It’s been 10 years this week since former NBA superstar Tim Hardaway uttered those infamous words: “I hate gay people.”

I’ve often said that moment, in conjunction with the widely supported coming out of former NBA player John Amaechi a week earlier, was “the tipping point” of the LGBT sports movement. Within one week we saw the sports world embrace a gay NBA player who had had some success in the league … and totally reject a homophobic perennial All-Star.

For those who don’t remember, Hardaway was disinvited from the NBA All-Star game that year. The CBA, which he was trying to resurrect, told him to go away, and he became a pariah in the sports world.

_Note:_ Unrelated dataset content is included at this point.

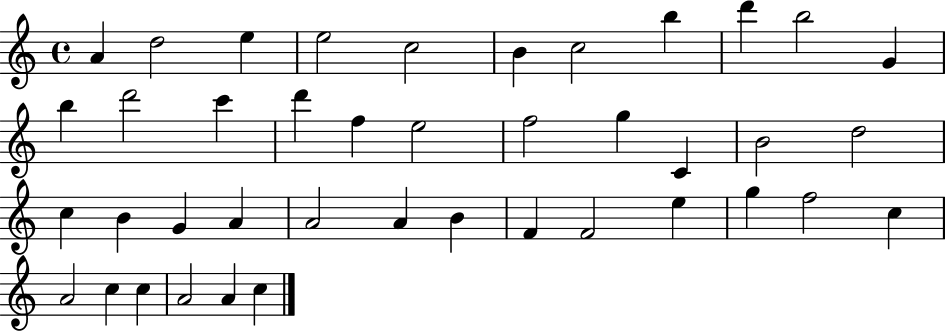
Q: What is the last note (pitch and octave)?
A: C5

Now an assistant coach with the Detroit Pistons, Hardaway is opening up again about that terrible week a decade ago and his journey since.

“When I said what I said . . . I still cringe at it when I think about it, and [it] still hurts me deep inside that I said something like that because I gave people an opportunity to hurt people,” Hardaway told the Washington Post. “That wasn’t right . . . each and every day when I talk to kids today and they bring it up to me or somebody brings it up to me, I say that was a very big mistake on my part.

“It hurts me to this day, what I said, and you know what? It’s going to hurt me for the rest of my life, because I’m not that type of person. I feel bad about it, and I’m always going to feel bad about it.”

Once reality set in for Hardaway a decade ago, he went about understanding his mistake and making amends for it. He visited LGBT organizations. He talked to youth. Over time he came to champion equality for LGBT people in El Paso, where he played college basketball for UTEP, and in Florida, where he played for the Miami Heat.

Hardaway is the ultimate redemption story. A decade later you simply cannot say he is the same man who spewed those hateful words that hurt the LGBT community so deeply. We wish him nothing but the best in his coaching pursuits. We know he will continue to preach words of love and inclusion forever forward.